The new policy may mean Munich Re gives up millions of dollars in premiums that would otherwise come its way, but Wenning says it is all part of a corporate policy to support the objectives of the 2015 Paris climate accords. Call it short term pain for long term gain. The company believes its losses in revenue today will be more than offset by the economic benefits of not turning the Earth into an uninhabitable cinder in the futureCNBC reports a big factor in the new policy is pressure from institutional investors to divest from companies whose business activities are contributing to climate change.
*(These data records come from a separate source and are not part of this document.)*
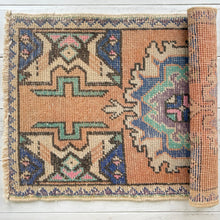 Load image into Gallery viewer, Kilos Turkish Rug
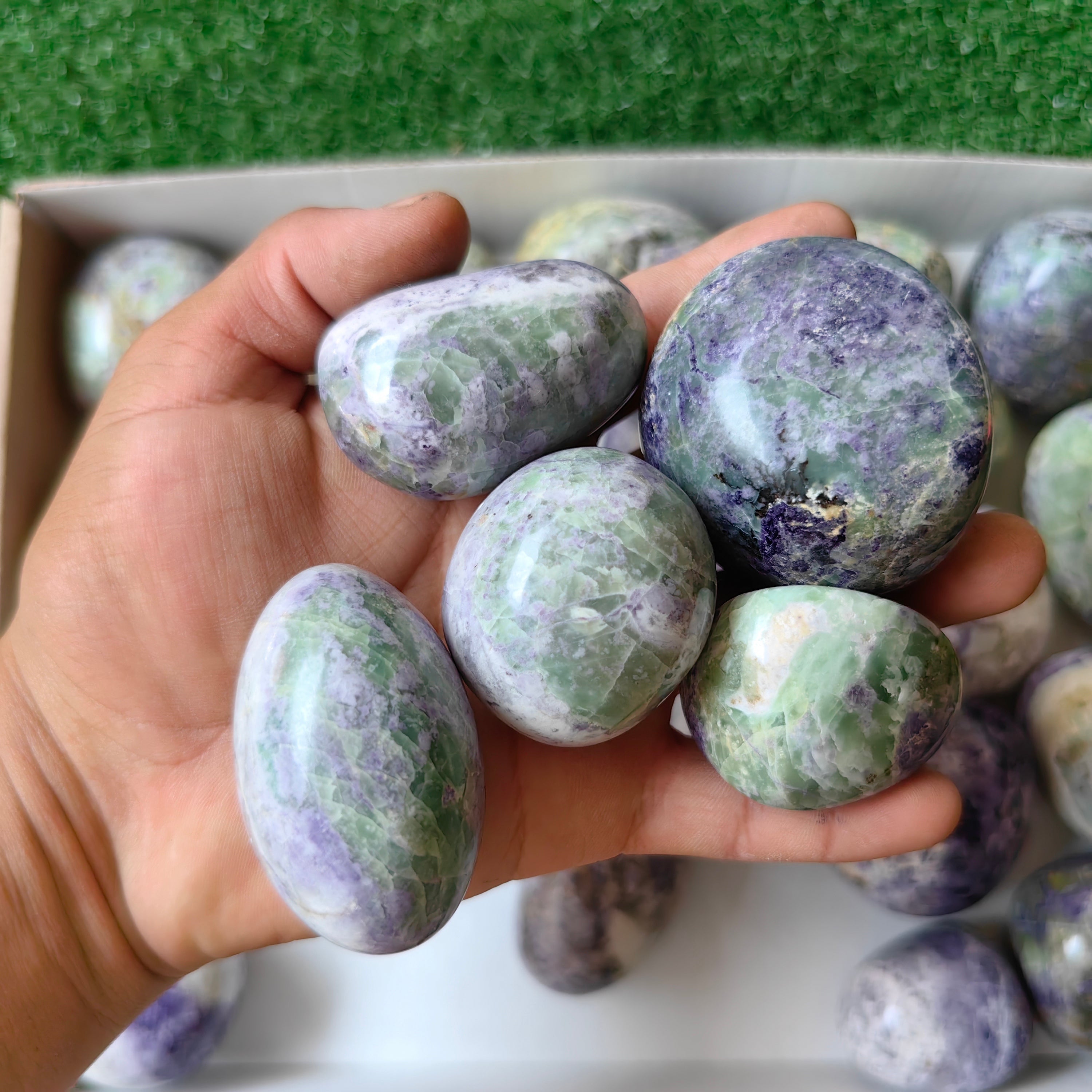 26 pc bolivianite free forms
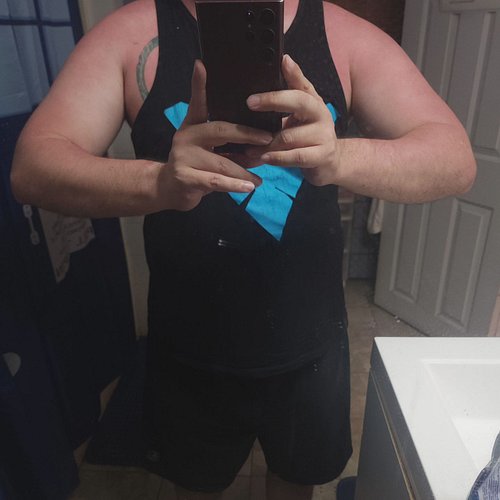 I think I maaaaaaaay have gotten just a little too much sun at the beach yesterday...(yes I was wearing sunscreen)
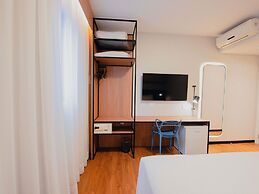 Ibis Curitiba Shopping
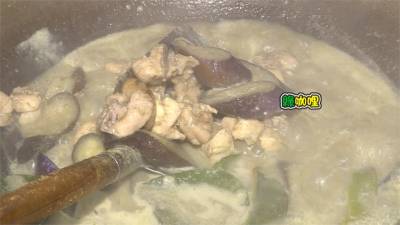 泰式年菜超吸睛!三色咖哩色美又開胃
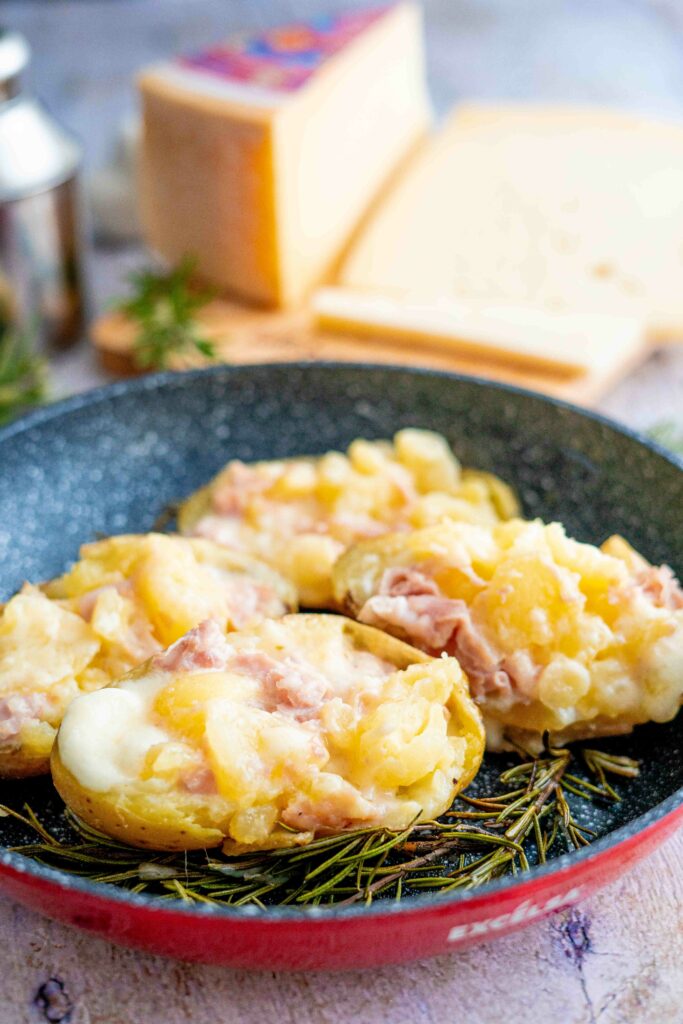 patate ripiene formaggio filante
patate con rosmarino
patate con prosciutto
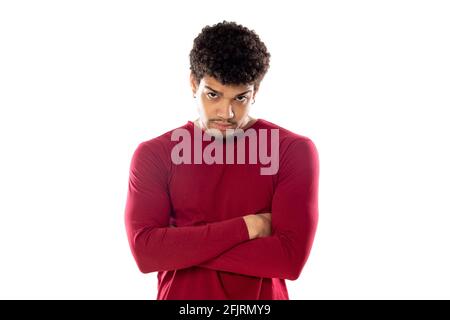 Netter afroamerikanischer Mann mit afro-Frisur und Burgunder T-Shirt isoliert auf weißem Hintergrund Stockfoto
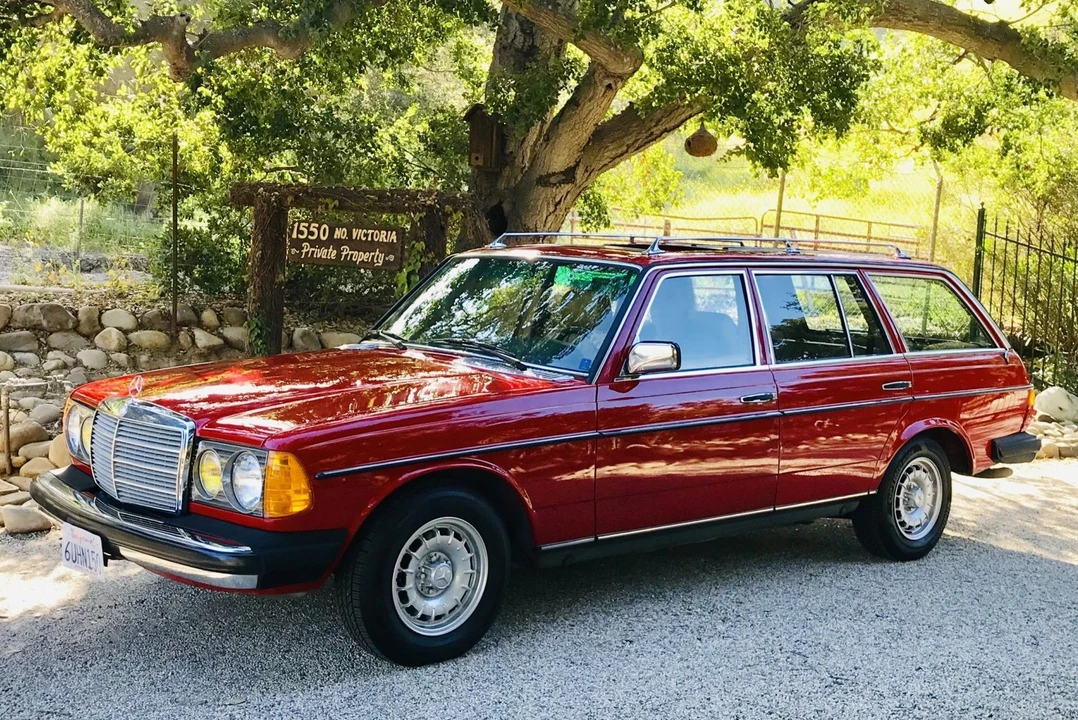 1984 Mercedes-Benz W123 Wagon (S123) - Image 2 of 31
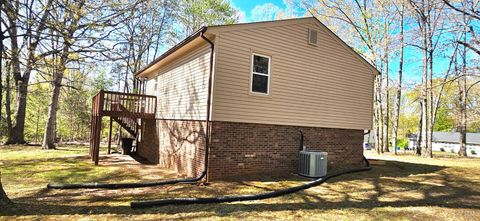 Tiny photo for 18 Valleywood Drive, Forest, VA 24551 (MLS # 365661)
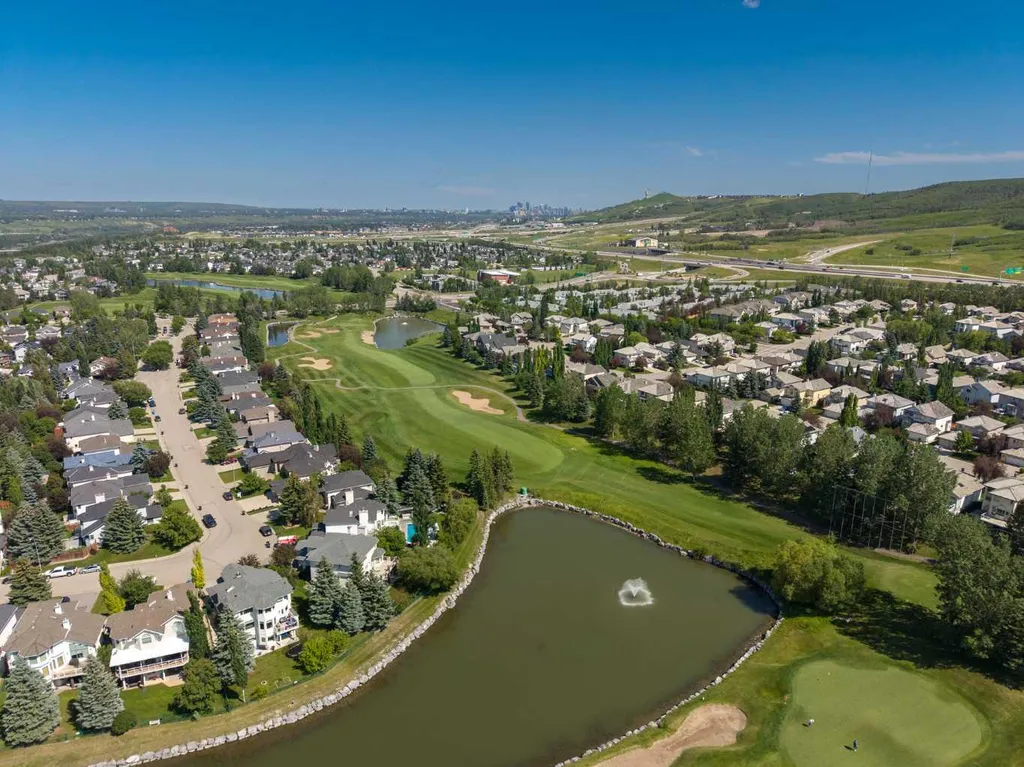 124 Valley Creek Crescent NW Calgary AB T3B 5V3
Most of us are not familiar with how the insurance industry works but it’s actually pretty simple. It’s little more than a specialized form of gambling. When you buy fire insurance, you pay a little bit of money each month now so in case your house burns down in the future, the insurance company will pay you to rebuild it. The insurance company is betting it can take those monthly premiums, invest them wisely, and earn more money than they will have to pay out if in fact your house burns down.

The secret to the insurance game is to spread the risks over as many people as possible. That’s where reinsurance come in. Just as a bookie will “lay off” some bets on a large event like the Super Bowl with other bookies to spread the risk in case one team beats the odds, insurance companies pay part of their premiums to reinsurance companies like Munich Re to protect them from catastrophic losses.

Many people think the secret to taming climate change is a carbon tax or voting for certain leaders who promise change, but down in the trenches where the real world of commerce takes place, it is insurance companies who call the shots. Can’t get insurance to build that $1 billion condo tower in South Florida? No deal. Can’t get insurance for that new coal fired generating plant in Bratislava? Sorry, no power plant for you.

The world of commerce is ruled by insurance. Banks won’t loan money without it. Every lender wants assurances the money they are putting out will be repaid no matter what happens. Without insurance, credit dries up and commerce comes to a screeching halt.

Some may consider what the insurers are doing as tepid steps forward when a full sprint is what the world needs. For instance, Munich Re is not stopping all insurance policies for companies who make money from burning coal right away. In the first case, the new policy only applies to companies who derive more than 30% of their business from coal. In the second case, Munich Re says there may be exceptions on a case-by-case basis for existing customers or in emerging markets.

Allianz is another giant reinsurer that is going down the same road. This spring, CEO Oliver Bäte announced his company will get completely out of coal businesses of all kinds by 2040. It has already stopped  insuring new construction of coal fired generating plants and coal mines. It has also cancelled policies for ports whose primary business is shipping coal. The move will cost Allianz about € 50 million a year according to Frankfurter Allgemeine.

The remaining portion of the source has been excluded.